Alors que Budapest s’indigne et que Moscou sermonne, une question surnage au-dessus de cette vague bouillonnante d’hystérie collective : est-il encore possible de raisonner sans sortir les couteaux ?
Faisons fi des vociférations des uns et des beuglements des autres. Ignorons les surenchères verbales qui, comme tout ce qui est excessif, sont insignifiantes. Revenons au sens. Que disent, en substance, ceux qui s’offusquent de l’inéligibilité de Marine Le Pen ? Qu’une personnalité qui "représente" onze millions d’électeurs ne devrait pas être "empêchée" par un tribunal.

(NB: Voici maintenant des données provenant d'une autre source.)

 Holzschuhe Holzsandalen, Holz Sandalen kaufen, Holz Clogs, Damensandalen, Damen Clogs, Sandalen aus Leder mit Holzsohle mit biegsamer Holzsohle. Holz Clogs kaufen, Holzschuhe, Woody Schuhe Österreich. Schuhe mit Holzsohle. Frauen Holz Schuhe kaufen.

Être élu – ou en probabilité de l’être – conférerait donc une forme d’immunité. Il faudrait une justice impitoyable pour les petits, les obscurs, les sans-grade. Et une autre, plus conciliante, réservée aux puissants.

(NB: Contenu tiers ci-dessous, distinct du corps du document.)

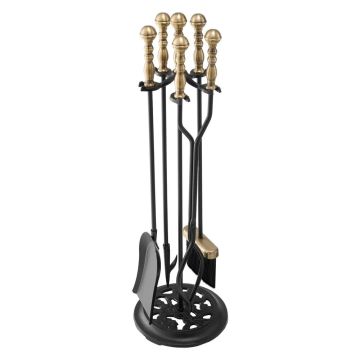 Kamīna instrumentu komplekts, 5 daļas ar turētāju, melns un misiņš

Les cris d’orfraie oblitèrent la gravité des faits mis au jour
Ceux-là mêmes qui jugent notre démocratie "exécutée" ou "confisquée" savent pourtant que notre État de droit est fondé sur la séparation des pouvoirs. Les parlementaires votent les textes, les magistrats les appliquent.
Dénoncer un "gouvernement des juges" parce que ces derniers font leur travail n’est pas seulement stupide : c’est absurde. Tout comme le fait de fustiger un "jugement politique". Ç’aurait été le cas, au contraire, si l’ancienne présidente du RN avait bénéficié d’une peine plus clémente eu égard à ses engagements publics.
Le plus inquiétant est que les cris d’orfraie qui saturent l’espace médiatique oblitèrent la gravité des faits mis au jour. Marine Le Pen et ses proches ont été condamnés pour détournement de fonds publics – un délit qui justifiait naguère, selon la fille de Jean-Marie Le Pen, une "peine d’inéligibilité à vie". Dans une démocratie saine, c’est cela, et seulement cela, qui devrait susciter l’indignation.
Triste reflet d’une société fracturée : aujourd’hui, quand le doigt montre la Lune, une partie des Français regardent le doigt.